Retrieve data from three different unrelated collections in a single query

Hi everyone,

Question:

i’m using the Node MongoDB driver. I’m trying to determine whether i should write a single query that gets data from three collections or whether the database needs to have one collection with references or embedded documents etc… that joins these three unrelated collections.

User case:

During search i get an array of objects, i take the first 10 from the array, each object is meta data about a document belonging in one of the three collections.

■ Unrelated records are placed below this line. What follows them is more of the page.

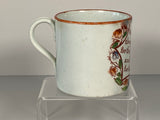 Staffordshire Children’s Mug Prepare Worst Hope For Best Pearlware BB#93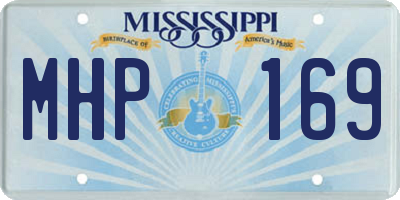 MS license plate MHP169
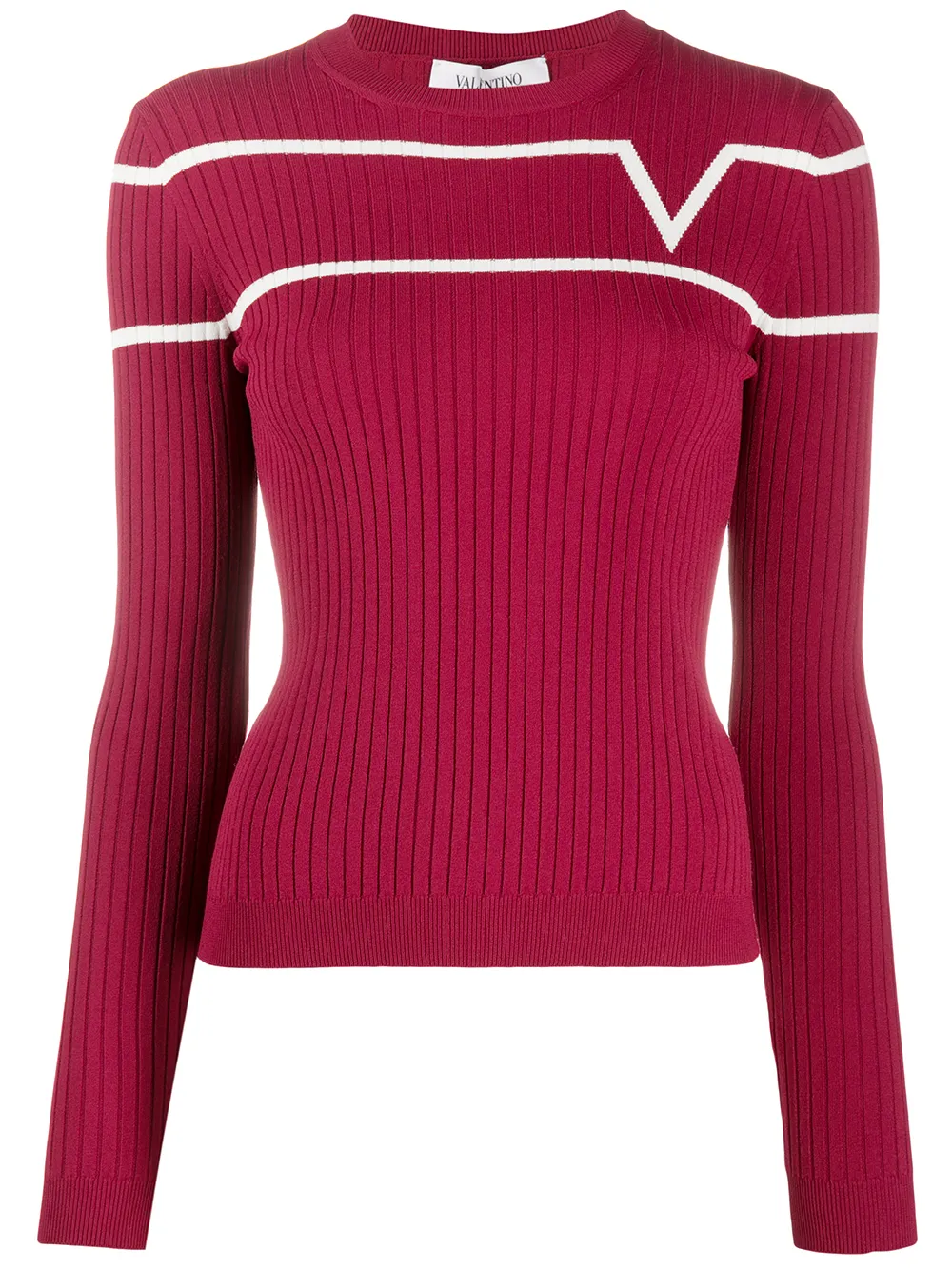 Жаккардовый джемпер с логотипом VTLNSTAR VALENTINO GARAVANI, красный
Жаккардовый джемпер с логотипом VTLNSTAR VALENTINO GARAVANI, красный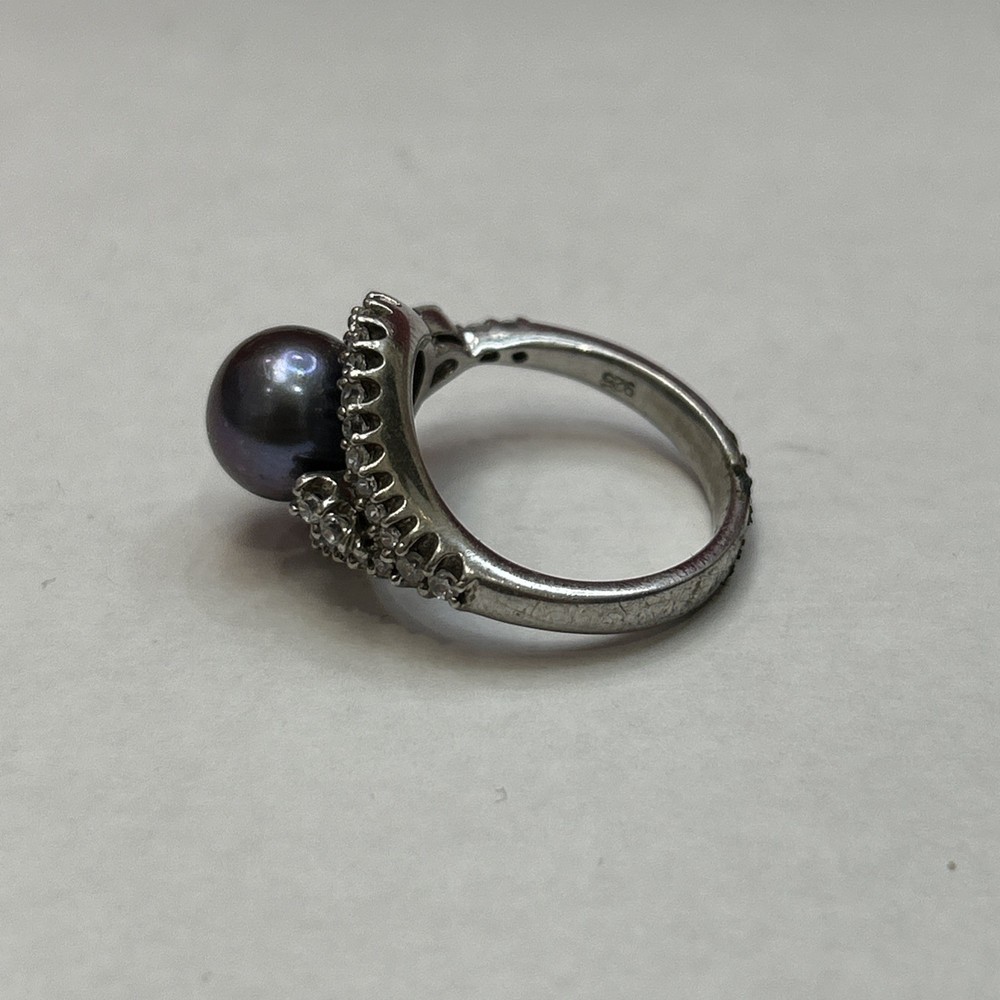 Vintage .925 Solid Sterling Silver Pearl Ring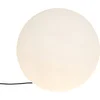 Image de QAZQA nura - Moderne Vloerlamp | Staande Lamp - 1 lichts - H 74.7 cm - Wit - Buitenverlichting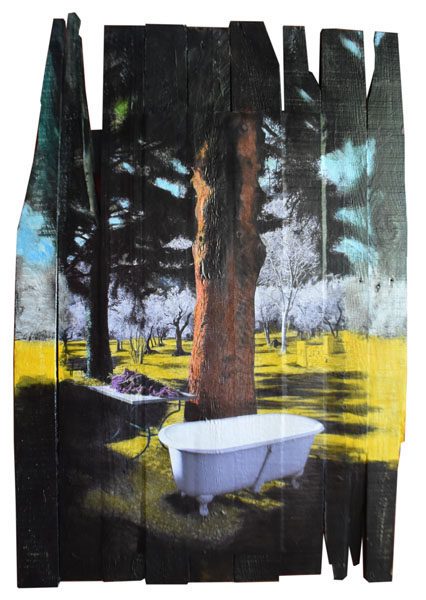 un bain d'été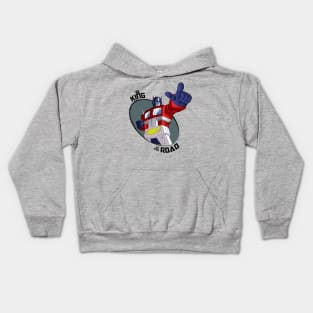 Optimus Prime - King of the Road (point) Kids Hoodie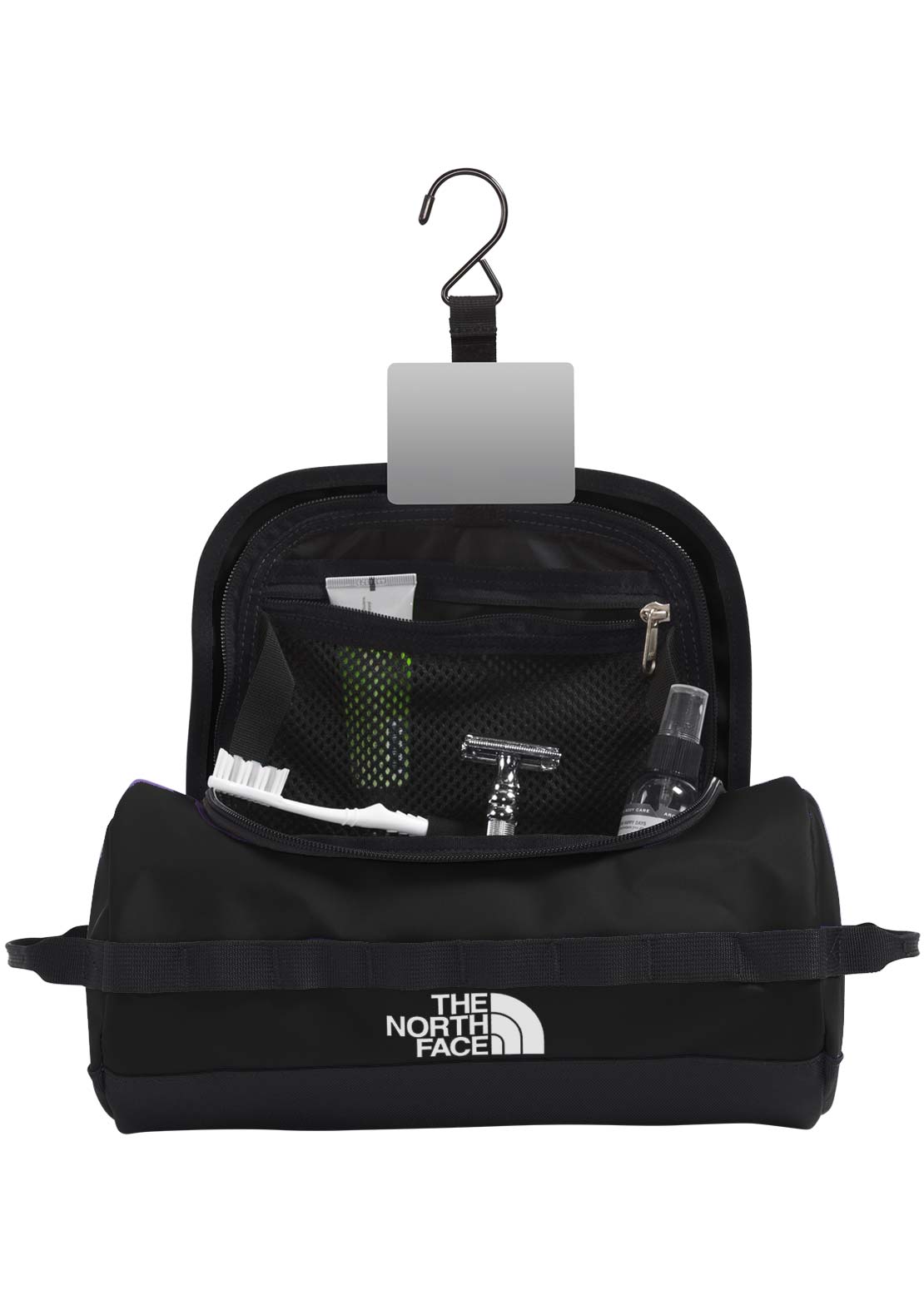 The North Face Base Camp L Travel Canister Bag TNF Black/TNF White-NPF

The collections are unrelated but have some common fields and this meta data is the only way to go get information at later stages.

For example, during search i get and store this array in React state (see example object below), then when the user clicks on a search result, i have to go and loop inside this array so that i can go grab the relevant metadata to be able to retrieve more content…

Example Object inside Array of Objects (Meta data):

[{
  collection: 'pmc_test',
  id_field: 'id_int',
  id_type: 'int',
  id_value: 2657156
},
{
  collection: 'arxiv',
  id_field: 'id_int',
  id_type: 'int',
  id_value: 2651582
},
{
  collection: 'crossref',
  id_field: 'DOI',
  id_type: 'string',
  id_value: "10.1098/rsbm.1955.0005"
},
 ...] // different collections, usually passed with 10 objects

However to display the 10 search results to begin with i have to loop over each object in the array, modify and run a query which could result in 10 separate queries. So i can at least minimise this by doing 3 queries using the $in operator and provide three arrays of IDs representing each collection.

However this is still multiple queries, i have to go to the 1st collection, then 2nd collection, then 3rd collection and then combine all the results together for display search results. This is what i’m trying to avoid. This is how each of the three collections roughly look like.

Any suggestions on what querying approach i could use? Will the database benefit from having a single collection / approach that will avoid having to use the meta data to look in three different collections?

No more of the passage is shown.